When we think about feminism, we tend to think about the glass ceiling, about how women combine work and family or sexual harassment. We see feminism as a society problem where women have to pick up a fight against white bold powerful men in the first case, against established rules or otherwise against men in general.
But there’s an underlying matter in this whole debate. It’s that hidden but raging hatred women can inflict upon themselves. Where men tend to project their uneasyness upon the world and become agressive, women tend to interiorise it and become self destructive. It might not be hatred, it might be less strong. But us women are incredibly good in telling ourselves we shouldn’t be angry, we shouldn’t be hormonal, we shouldn’t be emotional, we shouldn’t be a lot of stuff. We should be good girls and take care of the people around us.
This is a comprehensible phenomenon as we’ve got generations behind of mothers, grandmothers, great great grandmothers who were under the authority of their husbands and could be raped within their mariages without it being a crime. Mentalities take decades, sometimes centuries to change.
The average educated woman, will understand she’s got the brains, the capacities and strength as good as a man to perform in any function. But that doesn’t mean a thing about how she feels about being a woman. For lot’s of women, being a woman is a weight. It’s periods, it’s sexual haressment, it’s being a prey for men and being lacked of respect by society.

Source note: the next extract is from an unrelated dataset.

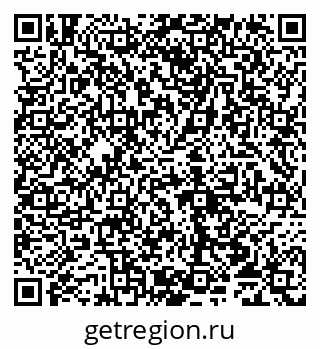 79065015058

And that’s an imense burden: women who don’t respect themselves are much more likely to become victims of violence and sexual abuse. Women with bad self esteem are less likely to have a career or stand up for themselves. Women who hate themselves will tend to implode or make life impossible for people who love them. It’s the bottom line of the problem: we just do not seem to see that the power of being a woman lies exactly in, being a woman. Emotions means strenght, hormons mean life and vulnerabilty means beauty.
We complain about magazines giving us impossible aims to meet, but they keep doing so because we buy it. We complain about society being organized around men but meanwhile we keep enhancing masculine values, like rationalism, cognitive development and reason. We complain about men not taking their place in caretaking, but are we ready to let men be men in the nearness of our own home?
Differences woman/man are okay
Feminism of the generations before us, meant putting up a fight against men and society, therefore having to become like them and using their weapons. They cut of their hair, put pants on and took to work. Our mothers and grandmothers did a great job, they did what they had to do at that moment.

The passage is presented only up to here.